MasterCard, for instance, announced late last year that it plans to open its API so it can further improve the smart phone payment system. Chase Bank, on the other hand, offers mobile deposit services which allow users to take a picture of a check when making a deposit or money transfer.
Even online payment services such as Paypal have introduced similar technology through its mobile application system. In developing countries such as India, mobile banking has become a fashionable trend, with the availability of inter-bank mobile payment services between seven major banks, among them State Bank of India, Union Bank, and Axis Bank. The projection by researchers is that there will be more than 150 million global users of mobile banking by the end of this year, amounting to almost US$22 billion worth of transactions.

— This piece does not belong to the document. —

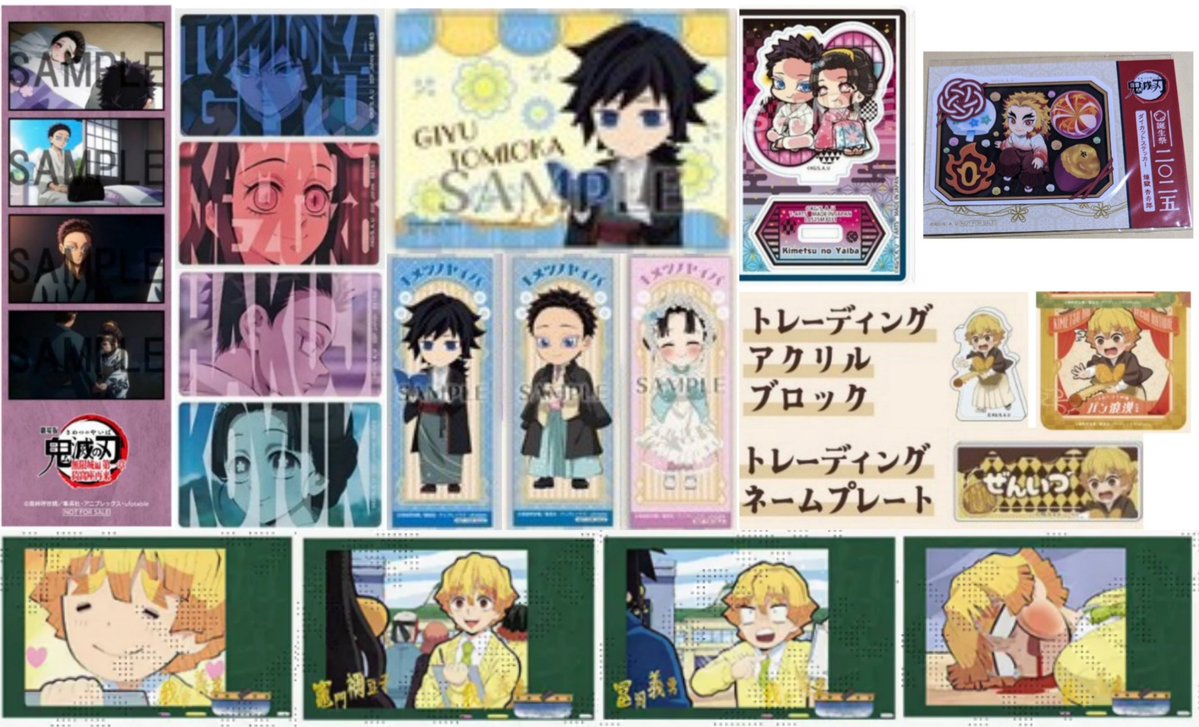 syoteninsan's tweet photo. 【交換・譲渡】
鬼滅の刃 アニメイト 特典 一番くじ ufotable キメツ学園物語 ハートブレッドアンティーク ポイント

譲→リプ欄へ投稿します。
求→画像 or 定価(+送料)

友人分含みます。送料の都合上、求善逸は出来るだけ纏めて、狛治と恋雪はセットで揃うと嬉しいです。 https://t.co/bidQXSFzQe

Observations so far show that any new technology first gains popularity in developed countries before reaching the emerging markets. In the case of mobile banking technology, however, it is the emerging countries that are leading the way.
Europe and the US have an all-time high mobile and internet penetration. But for people in these markets, mobile banking has become no more than a supplement to online banking. By contrast, in emerging countries, even individuals who do not have access to traditional banking channels and the internet have a mobile phone. It is among these people that mobile banking is becoming the preferred banking channel.
Both the mobile industry and the financial sector are aware that using mobile phones to buy goods and services is becoming very popular. Increases to limits by banks and vendors also demonstrate confidence in the suitability of the mobile channel for greater spending. This will generate new revenue channels for high-volume mobile money applications.
As such, one existing application from Mastercard that has generated buzz is the MoneySend application, which is available on iPhone, iPad, Android, and Blackberry; it allows users to send or request money from other individuals. Other applications include Obopay Money, Fidelity, Westpac, Mobile Banking on AT&T, and QIWI Wallet.
The pressure to offer mobile money services on mobile phones is increasing. Besides, the recent testing of mobile payment technologies has enhanced prospects for applications in more areas, with a faster growth in the future. Different stakeholders are working together to make mobile payments a commercial success.
“The banks that will win customer loyalty will be those with the technologies needed to deliver world-class financial services over mobile devices,” explains Noel Gordon, GM director of Accenture’s global banking practice.